Dangote Faces Legal and Market Pressure as NNPC Defends Fuel Import Licences in Court Battle

by Oluwatosin Racheal Alabi

KEY POINTS


  • The Nigerian National Petroleum Company Limited is opposing Dangote Refinery’s court case, warning that restricting fuel imports could create a monopoly in Nigeria’s downstream sector.
  • The dispute centers on import licences issued by the Nigerian Midstream and Downstream Petroleum Regulatory Authority and allegations of market sabotage and supply control.
  • Marketers and industry groups support continued fuel imports, arguing that competition is essential for price stability, energy security, and consumer protection.

The Nigerian National Petroleum Company Limited, NNPC, has opposed the claims of the Dangote Petroleum Refinery in an ongoing legal dispute at the Federal High Court in Lagos, warning that granting the refinery’s demands could create a monopoly in Nigeria’s downstream petroleum sector.

In its counter-affidavit, the NNPC argued that petrol produced by the Dangote refinery is already sold at “significantly high and fluctuating market prices,” adding that allowing the refinery exclusive control over supply could harm competition and consumer welfare.

The state oil company urged the court to dismiss the suit, describing it as incompetent, premature, and an abuse of court process.

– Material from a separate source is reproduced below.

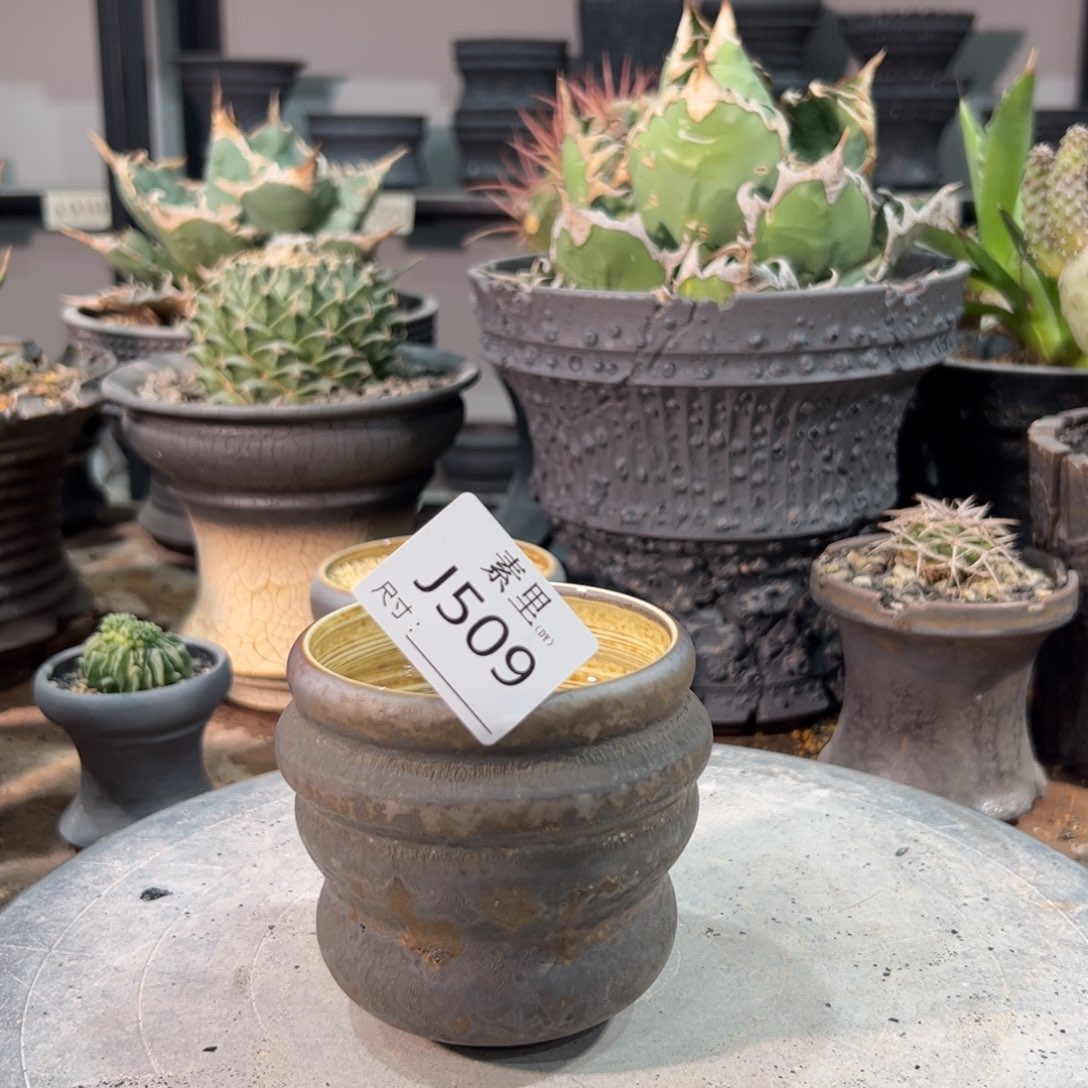 景德镇手工素里内面8该8.5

The case stems from a legal challenge filed by the Dangote Petroleum Refinery and Petrochemicals FZE against the issuance of fuel import licences to marketers and the NNPC by the Nigerian Midstream and Downstream Petroleum Regulatory Authority (Nigerian Midstream and Downstream Petroleum Regulatory Authority).

The refinery argues that continued issuance of import permits undermines its capacity to dominate domestic fuel supply, despite claims that it can meet a large share of Nigeria’s petrol demand.

Dangote also accused regulators and the NNPC of sabotaging its $20 billion investment by allegedly encouraging fuel imports while limiting crude oil supply to the refinery.

The refinery is asking the court to void import licences issued to marketers, insisting they contradict existing regulations and earlier court directives.

NNPC Defends Fuel Imports as Necessary for Energy Security

Responding to the allegations, the NNPC insisted that fuel imports remain essential for national energy security and price stability.

The company argued that Nigeria cannot rely on a single refinery, no matter how large, to meet its daily petroleum needs due to logistical challenges, distribution gaps, and the risk of supply disruptions.

It maintained that import licences are legally issued under the Petroleum Industry Act and are necessary to ensure continuous product availability across the country.

NNPC further warned that restricting imports could expose Nigeria to fuel shortages, price instability, and supply chain breakdowns.

A major argument raised by the NNPC is the risk of monopoly control if the court grants Dangote’s requests.

The company warned that removing import competition could allow a single operator to dominate the downstream sector, leading to price manipulation and reduced market flexibility.

According to NNPC, healthy competition is necessary to prevent “price exploitation” and ensure that consumers benefit from multiple supply sources.

Oil marketers also supported this position, arguing that competition helps reduce fuel prices and improves availability nationwide.

The Petroleum Products Retail Outlet Owners Association of Nigeria (PETROAN) backed the continuation of fuel imports, stating that a liberalised market structure is essential for stability and consumer protection.

The association argued that no single company should dominate the downstream petroleum sector, regardless of its refining capacity or investment size.

It further stressed that competition encourages efficiency, price moderation, and supply reliability.

Meanwhile, the Crude Oil Refineries Association of Nigeria (CORAN) expressed support for local refining investments but also highlighted the challenges facing domestic refiners, including crude supply uncertainty, logistics constraints, and regulatory risks.